* [TASK DETAILS]: Pictures appear among the records below and must be omitted. Repeat exactly the lines from the line with "Body For SUZUKI" to the line with "LIONEL 6-9820 STANDARD-O", both included.

[MATERIAL TO PROCESS Boundary: Start]

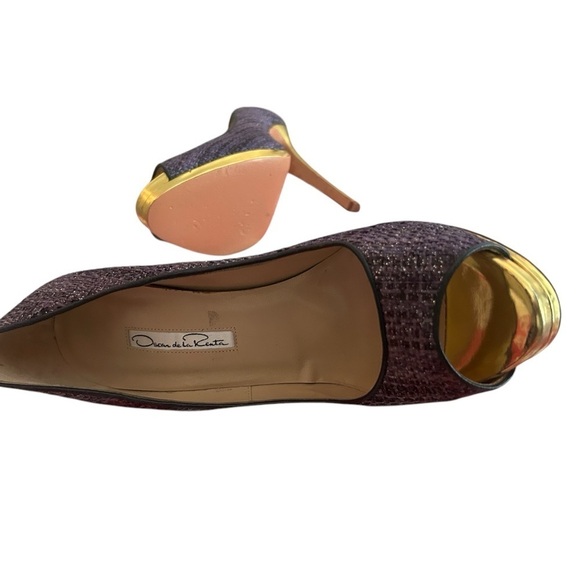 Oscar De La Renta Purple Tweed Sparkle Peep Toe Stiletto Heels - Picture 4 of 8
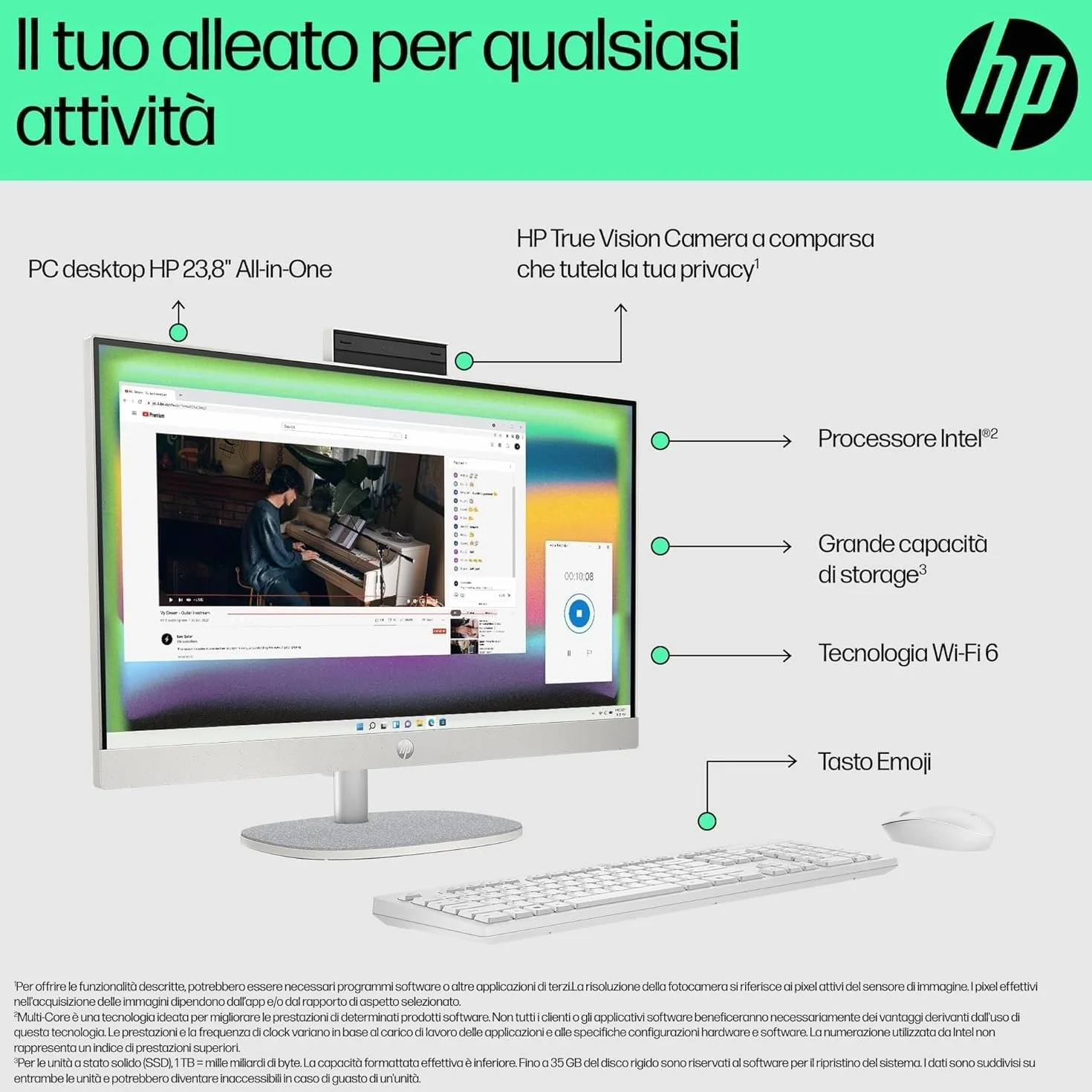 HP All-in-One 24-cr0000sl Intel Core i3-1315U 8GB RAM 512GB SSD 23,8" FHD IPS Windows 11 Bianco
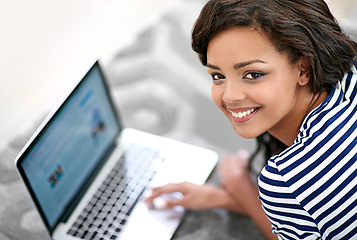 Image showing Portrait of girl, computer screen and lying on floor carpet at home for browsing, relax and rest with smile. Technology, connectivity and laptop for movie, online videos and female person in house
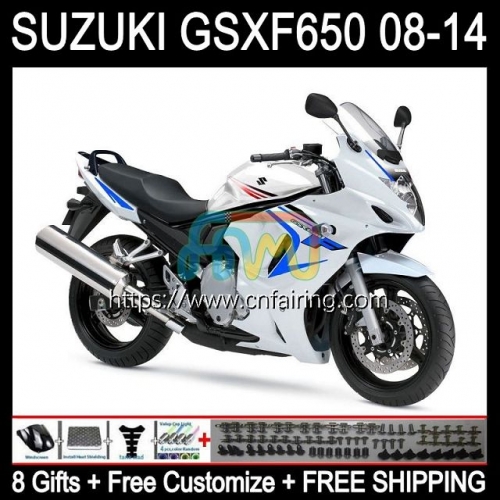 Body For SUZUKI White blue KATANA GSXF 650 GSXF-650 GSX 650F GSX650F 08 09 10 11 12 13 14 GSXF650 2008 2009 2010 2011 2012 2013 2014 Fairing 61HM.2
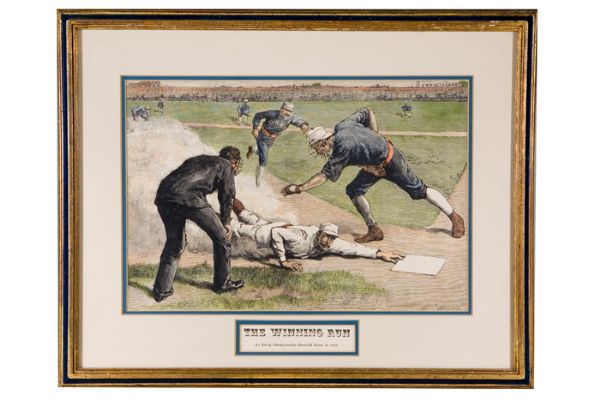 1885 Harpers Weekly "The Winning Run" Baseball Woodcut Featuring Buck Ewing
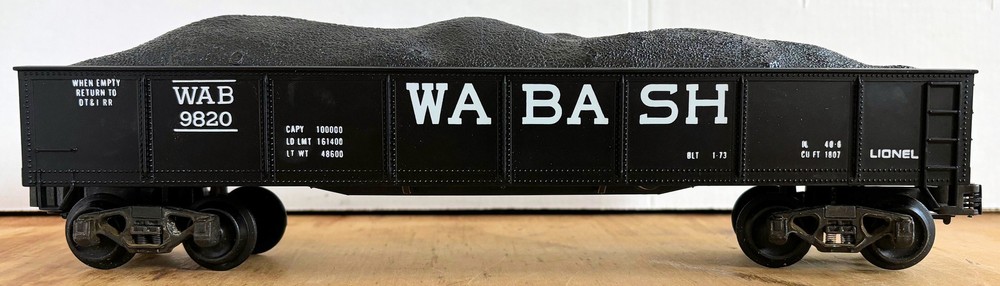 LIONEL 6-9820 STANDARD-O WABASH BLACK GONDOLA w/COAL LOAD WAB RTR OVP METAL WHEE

[MATERIAL TO PROCESS Boundary: End]
[MATERIAL TO PROCESS Boundary: Start]

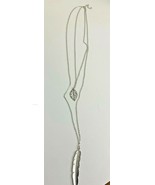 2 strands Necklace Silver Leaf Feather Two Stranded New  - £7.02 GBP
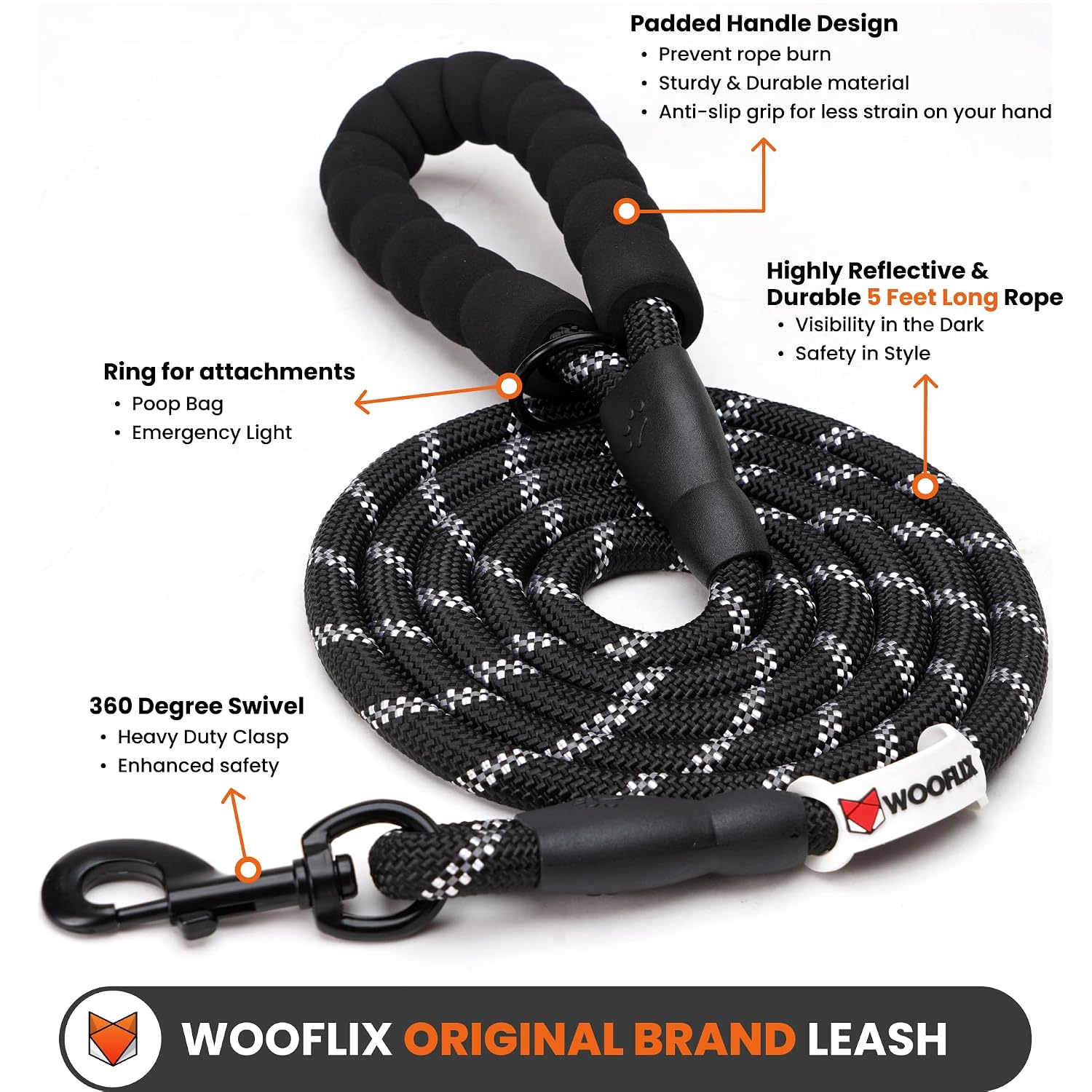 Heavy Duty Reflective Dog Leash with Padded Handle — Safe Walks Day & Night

[MATERIAL TO PROCESS Boundary: End]

* [OUTPUT OF THE TASK]:
 Body For SUZUKI White blue KATANA GSXF 650 GSXF-650 GSX 650F GSX650F 08 09 10 11 12 13 14 GSXF650 2008 2009 2010 2011 2012 2013 2014 Fairing 61HM.2
 1885 Harpers Weekly "The Winning Run" Baseball Woodcut Featuring Buck Ewing
 LIONEL 6-9820 STANDARD-O WABASH BLACK GONDOLA w/COAL LOAD WAB RTR OVP METAL WHEE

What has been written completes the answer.